Nothing but the lines from the one with "鑫天国际(鑫天偶遇) 1室0厅0卫 1400.0元/月 鑫天国际(鑫天偶遇)" through the end of the material should be retyped, word for word and without pictures.

───── DATA EXCERPT ─────

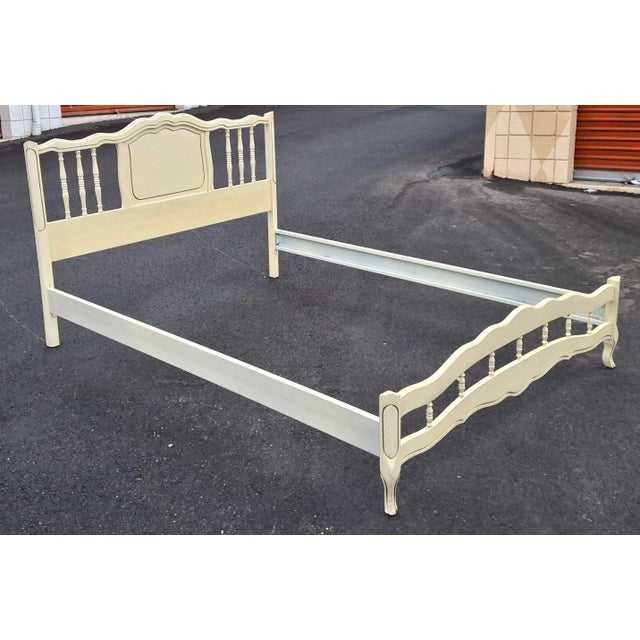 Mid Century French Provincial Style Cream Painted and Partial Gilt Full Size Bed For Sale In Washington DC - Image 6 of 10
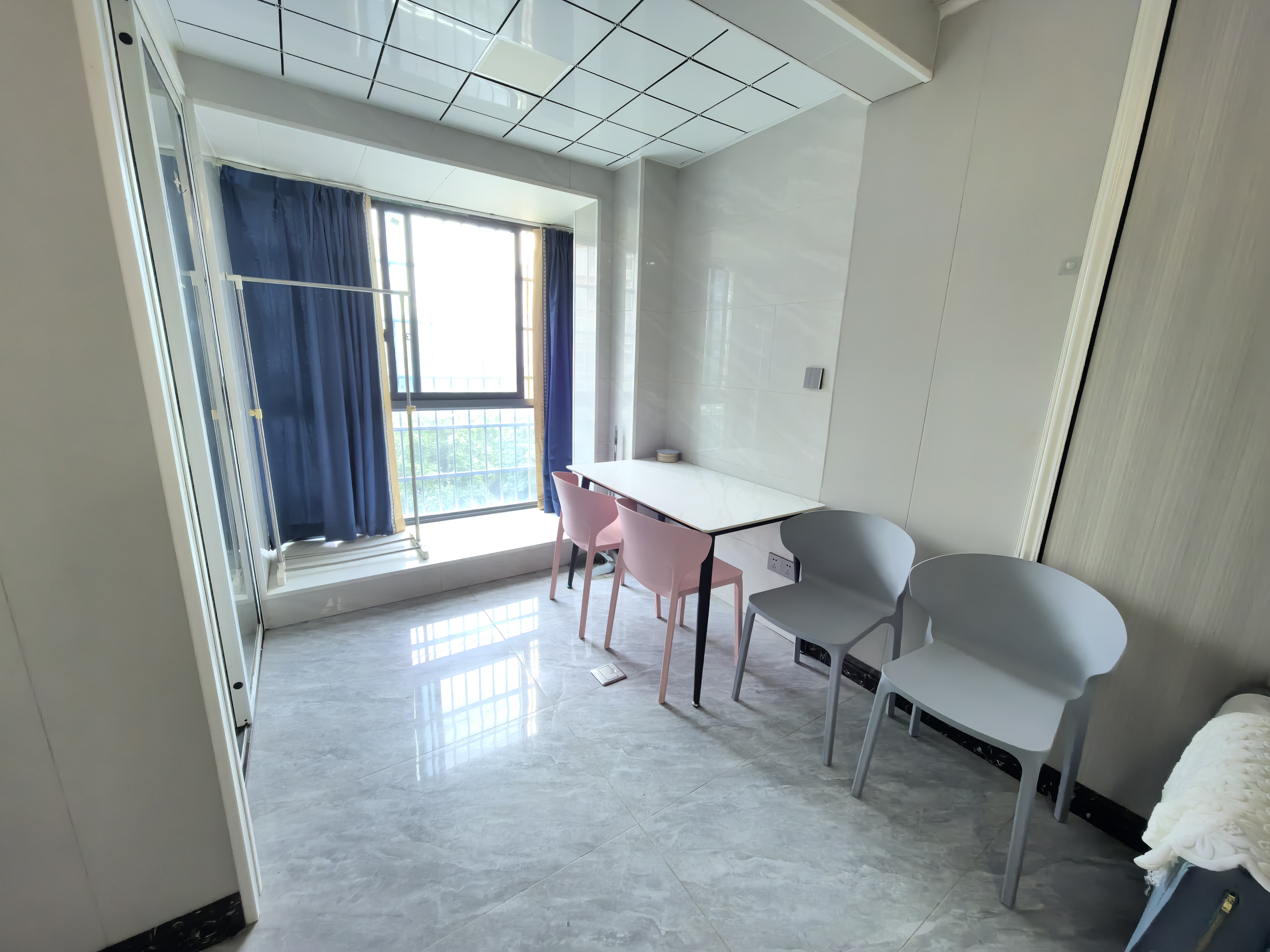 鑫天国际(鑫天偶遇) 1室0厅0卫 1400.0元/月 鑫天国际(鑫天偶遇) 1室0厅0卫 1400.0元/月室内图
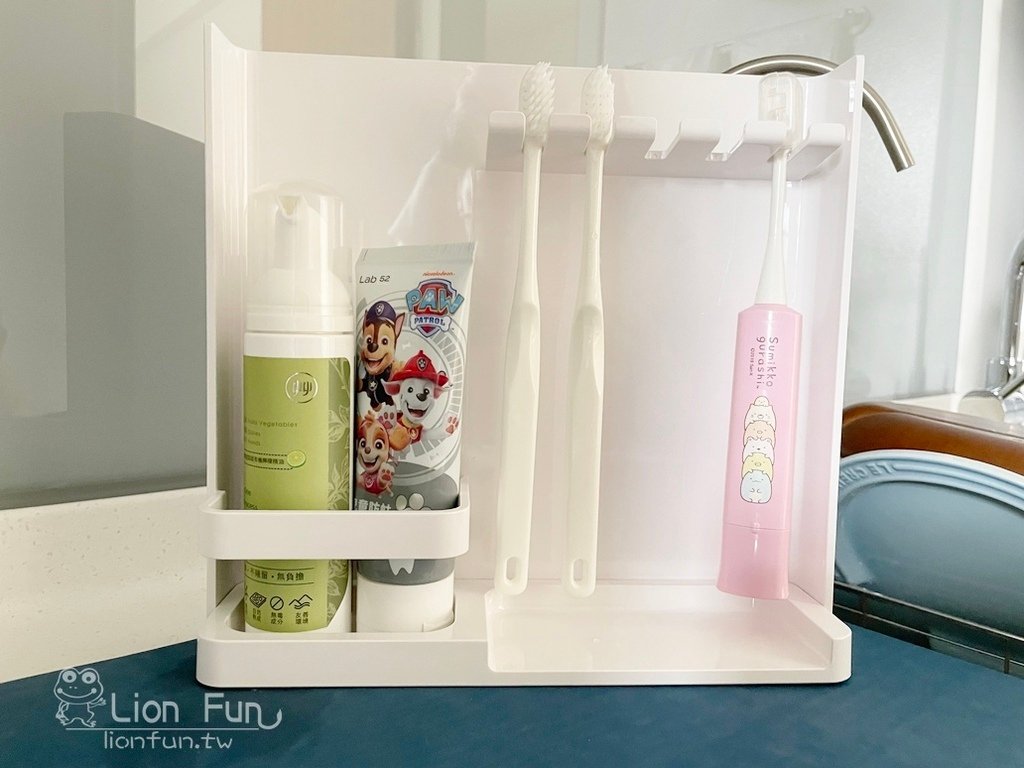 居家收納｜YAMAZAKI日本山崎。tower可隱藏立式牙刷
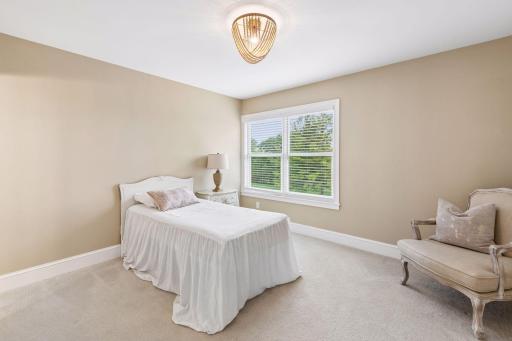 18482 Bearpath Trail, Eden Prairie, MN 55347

─────

RESULT OF THE TASK —
 鑫天国际(鑫天偶遇) 1室0厅0卫 1400.0元/月 鑫天国际(鑫天偶遇) 1室0厅0卫 1400.0元/月室内图
 居家收納｜YAMAZAKI日本山崎。tower可隱藏立式牙刷
 18482 Bearpath Trail, Eden Prairie, MN 55347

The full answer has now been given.